Strength and weakness

This week is on Ezekiel 3:12-15:

Then the Spirit lifted me up, and I heard behind me a loud rumbling sound as the glory of the Lord rose from the place where it was standing. It was the sound of the wings of the living creatures brushing against each other and the sound of the wheels beside them, a loud rumbling sound. The Spirit then lifted me up and took me away, and I went in bitterness and in the anger of my spirit, with the strong hand of the Lord on me. I came to the exiles who lived at Tel Aviv near the Kebar River. And there, where they were living, I sat among them for seven days—deeply distressed.

These verses pick up where last week's left off. God is finished commissioning Ezekiel for his mission and picks him up and brings him home.

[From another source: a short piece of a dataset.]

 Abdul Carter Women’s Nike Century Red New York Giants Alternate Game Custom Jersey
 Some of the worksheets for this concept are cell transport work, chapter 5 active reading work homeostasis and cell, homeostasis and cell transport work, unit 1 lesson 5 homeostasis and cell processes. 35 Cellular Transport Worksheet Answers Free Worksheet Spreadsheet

The contrast between God's greatness and Ezekiel's weakness is enlightening.

The Spirit lifts Ezekiel up. Ezekiel doesn't leave of his own accord, but is picked up and taken away. It couldn't be the other way around. Man doesn't pick up God and bring him to where he's going. It is God who lifts man.

Other translations mention the rumbling sound as praising God. But either way, look at the difference: The creatures that God had created made this sound with their wings and wheels. It was pure overwhelming white noise. It dominated the spectrum of sound. Ezekiel didn't make a peep. He was cargo.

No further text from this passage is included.